::: Working data :::

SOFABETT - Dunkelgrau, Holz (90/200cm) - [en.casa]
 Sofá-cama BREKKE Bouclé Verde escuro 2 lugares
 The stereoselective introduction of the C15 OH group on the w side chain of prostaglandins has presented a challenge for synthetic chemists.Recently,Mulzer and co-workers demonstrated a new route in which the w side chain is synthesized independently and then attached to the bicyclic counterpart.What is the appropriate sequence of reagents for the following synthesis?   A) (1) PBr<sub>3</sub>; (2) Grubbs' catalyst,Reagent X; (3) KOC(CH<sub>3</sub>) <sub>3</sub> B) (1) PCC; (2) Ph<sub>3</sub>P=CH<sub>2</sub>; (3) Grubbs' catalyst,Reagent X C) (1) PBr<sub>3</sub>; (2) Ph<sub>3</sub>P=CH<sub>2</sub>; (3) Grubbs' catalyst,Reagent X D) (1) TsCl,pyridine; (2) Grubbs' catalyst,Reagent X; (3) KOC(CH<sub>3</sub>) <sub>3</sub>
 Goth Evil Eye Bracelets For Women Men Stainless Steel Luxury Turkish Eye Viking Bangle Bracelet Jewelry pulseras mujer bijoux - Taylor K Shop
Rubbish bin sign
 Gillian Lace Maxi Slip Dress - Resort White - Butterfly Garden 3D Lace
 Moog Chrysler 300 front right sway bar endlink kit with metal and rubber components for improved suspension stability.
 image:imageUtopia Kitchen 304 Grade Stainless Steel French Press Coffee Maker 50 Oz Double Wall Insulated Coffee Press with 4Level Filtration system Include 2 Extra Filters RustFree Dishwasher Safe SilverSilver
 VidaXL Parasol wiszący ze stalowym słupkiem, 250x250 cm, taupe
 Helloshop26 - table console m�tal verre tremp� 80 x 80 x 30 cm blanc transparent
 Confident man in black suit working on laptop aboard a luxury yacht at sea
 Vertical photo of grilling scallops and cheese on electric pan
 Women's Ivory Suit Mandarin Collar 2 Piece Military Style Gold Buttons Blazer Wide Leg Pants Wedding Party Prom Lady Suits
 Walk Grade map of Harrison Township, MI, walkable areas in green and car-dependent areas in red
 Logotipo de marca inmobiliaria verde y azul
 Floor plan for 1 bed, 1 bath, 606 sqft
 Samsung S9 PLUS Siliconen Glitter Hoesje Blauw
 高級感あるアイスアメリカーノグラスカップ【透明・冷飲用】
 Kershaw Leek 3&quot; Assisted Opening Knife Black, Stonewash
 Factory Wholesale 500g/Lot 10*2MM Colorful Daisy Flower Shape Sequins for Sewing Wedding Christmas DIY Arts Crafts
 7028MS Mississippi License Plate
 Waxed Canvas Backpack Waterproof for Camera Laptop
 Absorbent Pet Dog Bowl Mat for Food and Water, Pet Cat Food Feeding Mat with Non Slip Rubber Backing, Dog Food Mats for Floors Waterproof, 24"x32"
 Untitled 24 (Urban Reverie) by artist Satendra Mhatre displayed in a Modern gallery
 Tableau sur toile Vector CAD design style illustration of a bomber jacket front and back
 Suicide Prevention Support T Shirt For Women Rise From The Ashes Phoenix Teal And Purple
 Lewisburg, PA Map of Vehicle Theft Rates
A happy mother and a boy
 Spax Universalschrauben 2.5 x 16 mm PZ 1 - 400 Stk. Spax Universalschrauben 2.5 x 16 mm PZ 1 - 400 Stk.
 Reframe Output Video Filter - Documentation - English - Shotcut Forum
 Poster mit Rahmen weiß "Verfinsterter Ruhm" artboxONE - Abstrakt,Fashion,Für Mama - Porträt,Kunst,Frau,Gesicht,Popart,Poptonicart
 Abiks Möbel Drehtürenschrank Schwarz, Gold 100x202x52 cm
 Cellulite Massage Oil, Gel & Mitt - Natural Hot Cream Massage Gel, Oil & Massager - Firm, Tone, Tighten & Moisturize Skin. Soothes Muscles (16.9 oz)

:::

[Exercise description] With the line containing "A happy mother and a boy" as the first and the last line of the data as the final one, copy every line between them exactly, those two included.

[Result below]
A happy mother and a boy
 Spax Universalschrauben 2.5 x 16 mm PZ 1 - 400 Stk. Spax Universalschrauben 2.5 x 16 mm PZ 1 - 400 Stk.
 Reframe Output Video Filter - Documentation - English - Shotcut Forum
 Poster mit Rahmen weiß "Verfinsterter Ruhm" artboxONE - Abstrakt,Fashion,Für Mama - Porträt,Kunst,Frau,Gesicht,Popart,Poptonicart
 Abiks Möbel Drehtürenschrank Schwarz, Gold 100x202x52 cm
 Cellulite Massage Oil, Gel & Mitt - Natural Hot Cream Massage Gel, Oil & Massager - Firm, Tone, Tighten & Moisturize Skin. Soothes Muscles (16.9 oz)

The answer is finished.